MTA: Education Funding a Relief – But More Is Needed

MTA: Education Funding a Relief – But More Is Needed


The Massachusetts Teachers Association expressed relief today that education funding and local aid accounts were largely spared from cuts in the legislative budget agreement announced yesterday, but concern that public higher education did not fare as well and that phasing in the Student Opportunity Act is on hold.

“Educators, parents and students made a powerful case to legislators that education is critically important to our recovery and should be spared the budget ax despite the recession,” said MTA President Merrie Najimy. “It is a major victory that that our message was both heard and heeded.”

In light of the state’s projected $6 billion revenue shortfall in fiscal 2021, school districts had anticipated that their state education aid could be cut by as much as 10 percent. That fear propelled them to lay off or nonrenew more than 2,000 teachers and staff this spring.

“The first thing districts must do is recall teachers and other staff who were pink-slipped due to budget fears,” Najimy said. “To operate schools under any model will require more staff members, not fewer.”

MTA Vice President Max Page noted that the battle for resources is not over.

“Although the schools’ budgets weren’t cut, they also did not receive the increases they would have received under the Student Opportunity Act,” Page said. “That act addressed very real gaps in funding for low-income students and communities of color – gaps that are worse due to the pandemic.”

The governor’s original budget, filed in January, would have increased Chapter 70 school aid to districts by $304 million under the SOA phase-in, with most of that money going to districts serving high numbers of low-income students and students of color. Instead, they will be receiving $107 million, which is the level needed to keep up with inflation and changes in enrollment, but not enough to improve services or address the costs of the coronavirus pandemic.

Although the SOA funding falls short, school districts will be receiving about $200 million in new money from the federal government to address students' educational needs.

Districts are also receiving another $170 million in federal money specifically restricted to COVID-19 relief spending. They and their local associations will have to analyze the total funding received from all sources to determine whether districts have enough to resume in-person learning when that is safe to do. Districts will have new expenses such as fixing or replacing their ventilation systems, providing personal protective equipment, reducing class sizes to enable physical distancing, and hiring more counselors, nurses and custodial staff. Schools and communities may also be saddled with high costs for surveillance testing and contact tracing.

Page said that while public higher education did not receive sufficient resources to begin to undo the years of disinvestment, the commitment of the Legislature to at least level-fund our 29 campuses means that layoffs and furloughs should be reversed.

“Our community colleges, state universities and UMass are confronting a crisis unlike anything we’ve ever seen,” Page said. “Campus revenue is plunging; there are new costs to starting the academic year safely; and our administrators are laying off thousands of educators and staff.

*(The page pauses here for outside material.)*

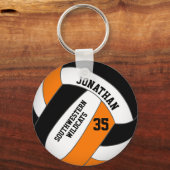 zwarte oranje teamnaam jongens volleybal sleutelhanger (Achterkant)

Public higher education is the engine of our state’s economy and will need additional attention and resources when the Legislature returns in September.”

He said the only realistic way to access needed resources to reverse the decades-long underfunding is for the Legislature to pass progressive taxes to fund public higher education, the Student Opportunity Act and other vital services.

Billionaires have done very well during this pandemic, while low-income families and the unemployed are continuing to suffer,” Page said. “Fairness demands that those who have benefited handsomely from public services now contribute more to keep those services alive.”